Olivier Faure : le candidat des socialistes

Commençons par un nom qui rassemble plusieurs socialistes, celui d’Olivier Faure pour le poste de Premier ministre. Le Premier secrétaire du PS n’a pas toujours eu que des adeptes dans son camp, loin de là. Mais même les anciens partisans de la ligne Mayer-Rossignol ne trouvent rien à y redire aujourd’hui. Un sénateur socialiste résume ainsi la situation : « Nous sommes la première force politique à gauche, il faut que notre représentant soit le Premier secrétaire du parti. C’est la logique institutionnelle. » Pour cette personnalité, il faut compter, dans les troupes socialistes, à la fois les députés et les sénateurs, un calcul qui tourne immédiatement en faveur du parti à la rose puisque les Insoumis n’ont aucun élu au Palais du Luxembourg. Une autre personnalité du parti abonde : « Le futur Premier ministre devra trouver des majorités de projet, il faut de l’expérience de la vie parlementaire. C’est pour ça qu’on a proposé Olivier Faure. »  

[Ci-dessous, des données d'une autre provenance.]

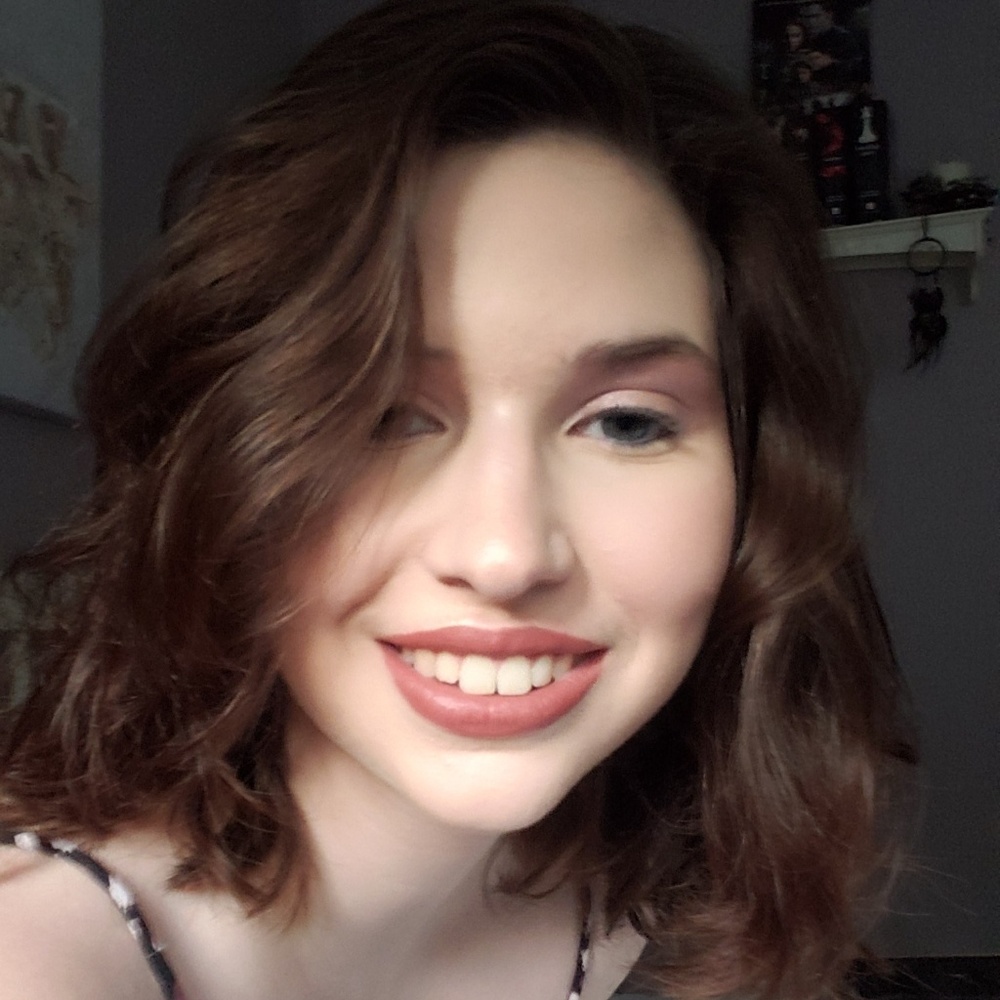 Meet your Posher, Brittney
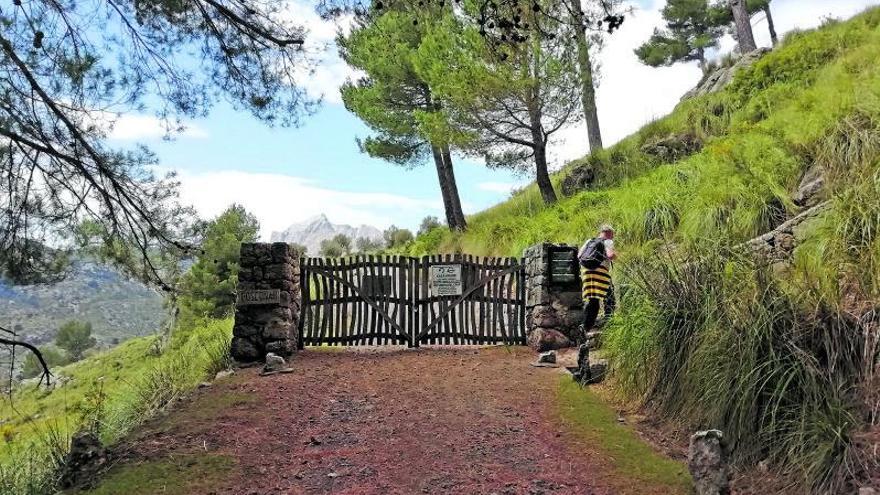 Ein Schild an der Barriere signalisiert: Wanderer müssen sich an die Auflagen halten. Im Hintergrund ist der Puig Major zu sehen.  | FOTO: KATHRIN BREMER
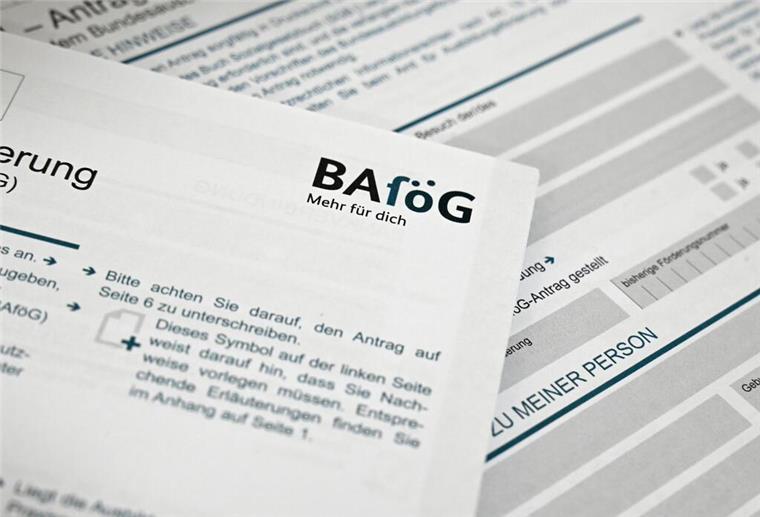 Bafög-Reform angekündigt: Weniger Bürokratie ab 2026 Ein BAföG-Antrag auf Papier.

L’hypothèse Johanna Rolland murmurée ces dernières heures ? « Elle n’est pas candidate, son nom a été proposé par LFI pour diviser le Parti socialiste. » Mais le nom de l’édile de Nantes fait mouche chez certains écologistes, qui soulignent que le fait que « ça soit une femme, ça serait un bon principe. Ça me paraîtrait assez normal. Mais surtout, ce que l’on veut annoncer à travers notre candidature au poste de Premier ministre, c’est quelqu’un de rassembleur. » Un nom socialiste, nous confirme-t-on enfin, aurait aussi la faveur du Parti communiste. On découvre pourtant quelques minutes plus tard le nom d’Huguette Bello, la présidente du Conseil régional de la Réunion, proposé par Fabien Roussel. L’élue ultra-marine, a appuyé le communiste, pourrait « construire des majorités et parler avec le président de la République. » 

Mélenchon, option sérieuse ou provocation ?

Ces dernières heures, les négociations semble patiner. Certaines parties prenantes minimisent et jugent les observateurs bien impatients. « Quand on a fait la NUPES, il avait fallu 20 jours au total. Là, on a fait le Nouveau Front populaire en 5 jours. On peut prendre encore quelques jours. » D’autres avouent vertement qu’ils ignorent si elles pourront atterrir : « En 50 ans de vie politique, je n’ai jamais vu ça. Je ne sais pas où on va. » 

Mais le temps ne joue-t-il pas contre l’alliance de la gauche ? Les camps adverses font entendre la musique de la motion de censure qui viendrait immédiatement à bout d’un gouvernement de gauche, les députés Renaissance en profitent pour appeler l’aile socio-démocrate à se rapprocher d’une coalition allant jusqu’aux LR. Une « majorité de revers » est-elle en train de constituer ? Son ciment : Jean-Luc Mélenchon. Le nom du leader de la France insoumise a été mis sur la table des négociations par LFI avec trois autres personnalités, Manuel Bompard, Clémence Guetté et Mathilde Panot. Chez toutes les autres composantes du Nouveau Front populaire que nous interrogeons, le « non » est catégorique. Que LFI continue de proposer le nom de Jean-Luc Mélenchon est vécu comme une simple provocation pour les uns, mais d’autres prennent cette proposition au sérieux. Un socialiste qui a participé à la rédaction du programme du NFP tranche enfin : « De toute façon, si nous proposons le nom d’un Insoumis, Emmanuel Macron ne le nommera pas. Donc la question est simple : est-ce que les Insoumis veulent gouverner, oui ou non ? »  LFI cherche-t-elle à provoquer une situation de crise ? Certains le pensent,  et glissent : « Ils espèrent alors contraindre Emmanuel Macron à la démission, c’est ce qui leur conviendrait le mieux. » 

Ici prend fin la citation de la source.